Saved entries
★ ★ ★ ★ ★

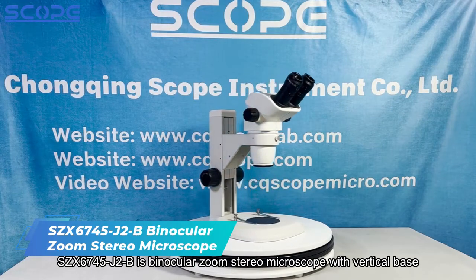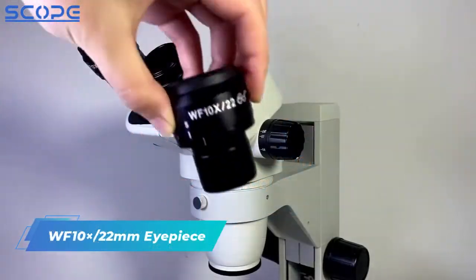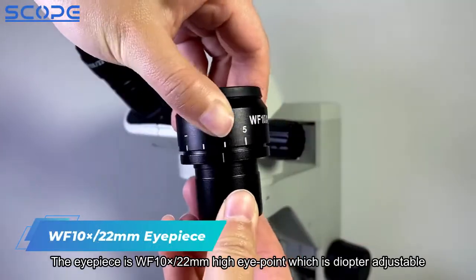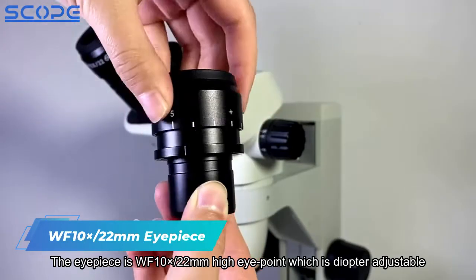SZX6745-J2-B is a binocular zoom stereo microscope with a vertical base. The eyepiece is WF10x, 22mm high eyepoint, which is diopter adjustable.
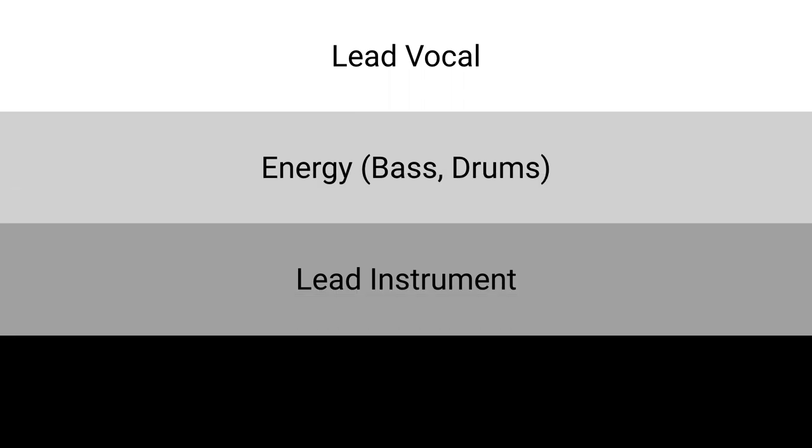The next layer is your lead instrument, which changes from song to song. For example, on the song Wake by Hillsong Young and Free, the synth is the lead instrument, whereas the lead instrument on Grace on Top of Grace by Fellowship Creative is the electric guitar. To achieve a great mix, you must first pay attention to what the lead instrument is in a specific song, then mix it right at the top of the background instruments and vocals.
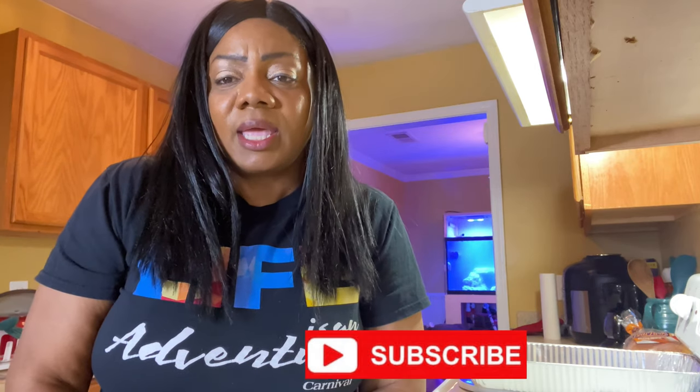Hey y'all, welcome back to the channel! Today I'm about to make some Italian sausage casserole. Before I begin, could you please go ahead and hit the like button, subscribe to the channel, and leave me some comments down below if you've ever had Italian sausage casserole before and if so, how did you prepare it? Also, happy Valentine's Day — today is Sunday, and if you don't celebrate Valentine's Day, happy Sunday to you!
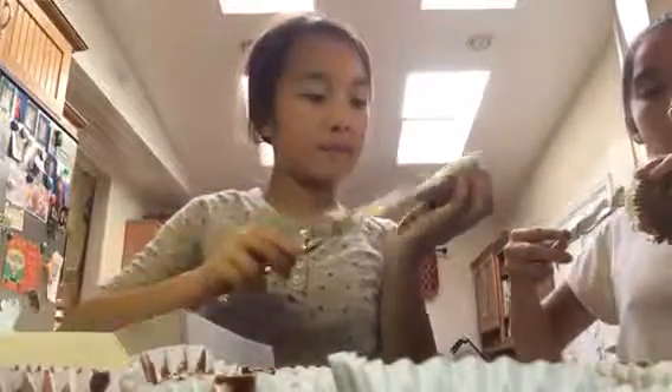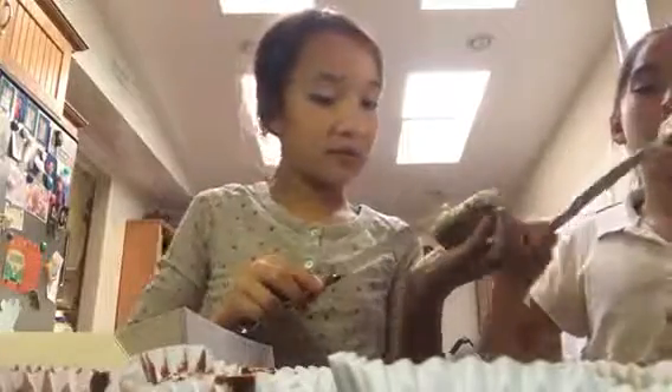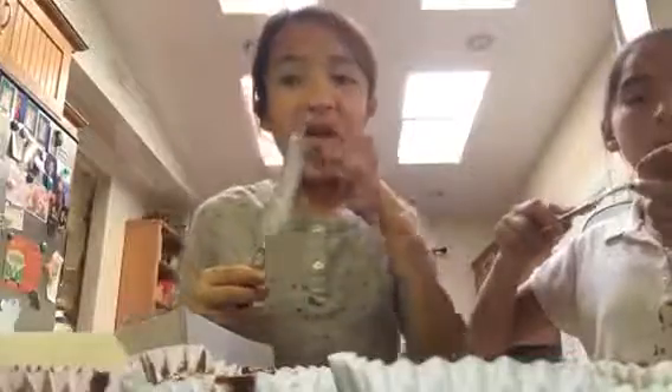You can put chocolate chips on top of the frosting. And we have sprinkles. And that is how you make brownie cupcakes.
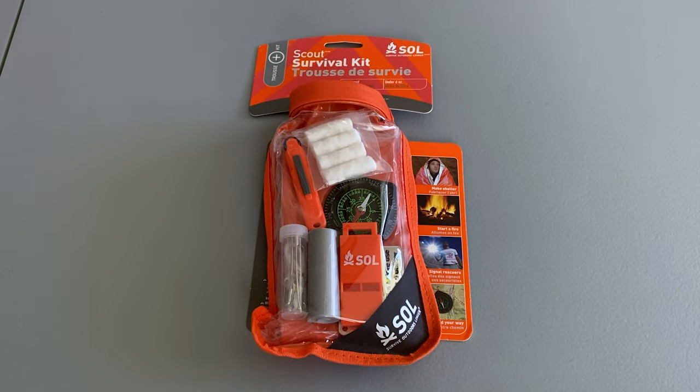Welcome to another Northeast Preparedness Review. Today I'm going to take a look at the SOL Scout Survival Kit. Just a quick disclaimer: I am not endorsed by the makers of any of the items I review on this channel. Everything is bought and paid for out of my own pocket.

★ ★ ★ ★ ★

§ **PROBLEM REQUIREMENTS**:
This exercise asks for the data above to be given again exactly, without pictures.

§ **RESPONSE TO THE TASK**:
SZX6745-J2-B is a binocular zoom stereo microscope with a vertical base. The eyepiece is WF10x, 22mm high eyepoint, which is diopter adjustable.
The next layer is your lead instrument, which changes from song to song. For example, on the song Wake by Hillsong Young and Free, the synth is the lead instrument, whereas the lead instrument on Grace on Top of Grace by Fellowship Creative is the electric guitar. To achieve a great mix, you must first pay attention to what the lead instrument is in a specific song, then mix it right at the top of the background instruments and vocals.
Hey y'all, welcome back to the channel! Today I'm about to make some Italian sausage casserole. Before I begin, could you please go ahead and hit the like button, subscribe to the channel, and leave me some comments down below if you've ever had Italian sausage casserole before and if so, how did you prepare it? Also, happy Valentine's Day — today is Sunday, and if you don't celebrate Valentine's Day, happy Sunday to you!
You can put chocolate chips on top of the frosting. And we have sprinkles. And that is how you make brownie cupcakes.
Welcome to another Northeast Preparedness Review. Today I'm going to take a look at the SOL Scout Survival Kit. Just a quick disclaimer: I am not endorsed by the makers of any of the items I review on this channel. Everything is bought and paid for out of my own pocket.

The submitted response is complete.